Author: Alan De Smet (adesmet@cs).

Goal

Be able to run an HTCondor with some nodes only speaking IPv4, some only speaking IPv6, and some speaking both. Matchmaking must avoid matching an IPv4-only computer to an IPv6-only computer.

Assumptions

Many of these are things we would hope to change in the future, but are not required for the initial implementation of mixed-mode.

Open design questions

Problem: Sinful versus condor_sockaddr

We currently have 2 objects that represent an address, Sinful and condor_sockaddr. Both can serial/deserialize a Sinful string.

Sinful is a relatively simple set of key/value pairs (plus an unlabelled basic address). It doesn't know how to convert things to system API structures (sockaddr_in/sockaddr_in6), it's really just storing a pile of strings. On the up side, it knows how to store CCB addresses, private network addresses, and shared port socket information. It is also easily extensible. It knows nothing about IPv6 addresses, although an IPv6 addresses can probably be passed through the object safely since they are just another string.

condor_sockaddr essentially wraps sockaddr_in/sockaddr_in6. It only knows how to hold a single address; CCB, shared port, private networks, and the like don't work.

The two were created in parallel around the same time. Code tends to use with one or the other. I'm slightly mystified that the system is working as well as it does.

These need to be unified. Mixed mode is going to require advertising at least 2 different addresses simultaneously, and connection attempts may want to try both. We want to be future proof against multiple addresses per protocol in the future. This points to using Sinful as our exclusive or nearly exclusive object for passing around contact information, relegating condor_sockaddr to low level, last minute work (to take advantage of the sockaddr_in/sockaddr_in6 support. Probably keep condor_sockaddr to holding a single address.
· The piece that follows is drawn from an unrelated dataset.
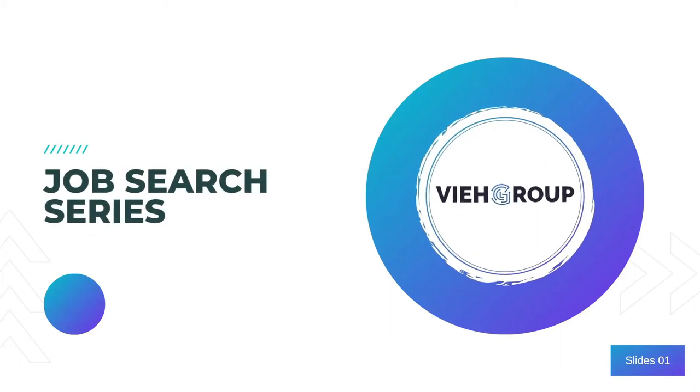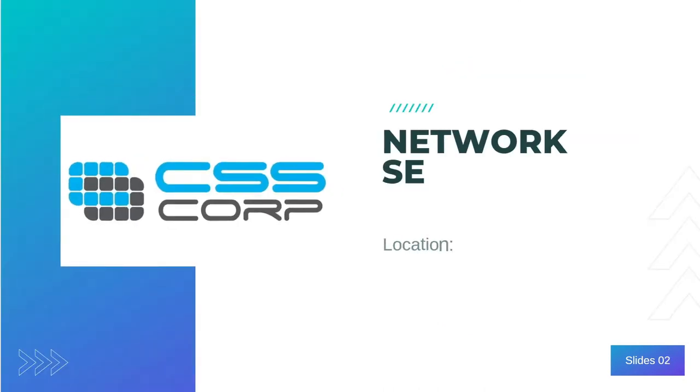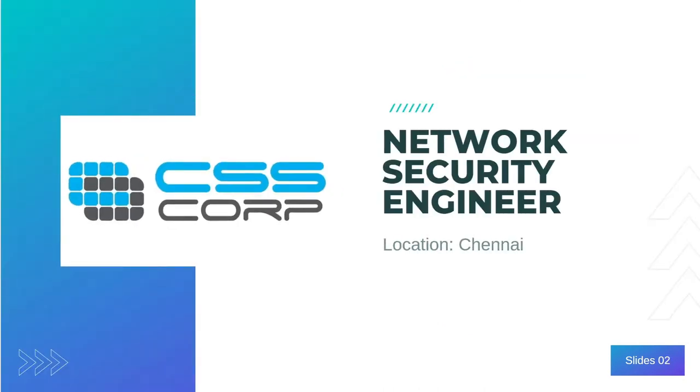Hello everyone, welcome to another video of VIH group job search series. Today we are having a job opening position as a Network Security Engineer from the company called CSS Corp, and the job location is Chennai.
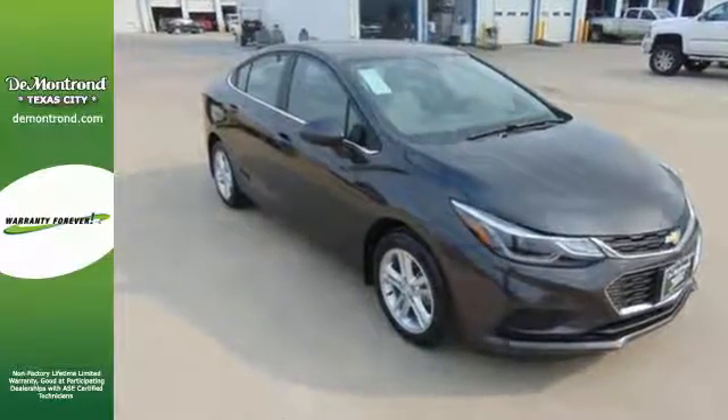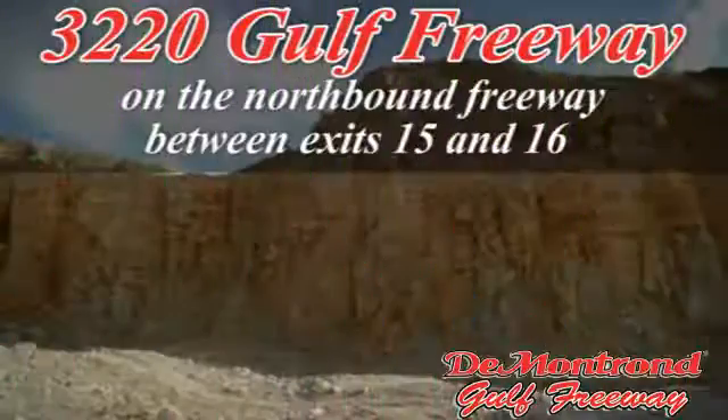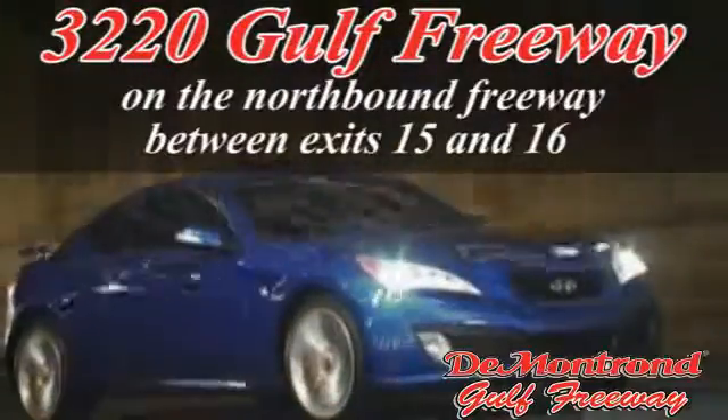Take it for a test drive. Demontron, home of the warranty forever. True peace of mind forever. Conveniently located just south of Houston at 3220 Gulf Freeway on 45 toward Galveston.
I believe condor_sockaddr has permeated higher levels than it should have given.

Plan

  1. Dual mode collector
    1. 1-2 weeks 2013-07-08 Teach collector to respond to commands on both IPv4 and IPv6. (Likely side effect: all daemons do.)
    2. 0-1 weeks 2013-07-15 Teach collector to hold both IPv4 and IPv6 ads. (Probably no work at all.)
    • Not required: advertising both addresses (see next step)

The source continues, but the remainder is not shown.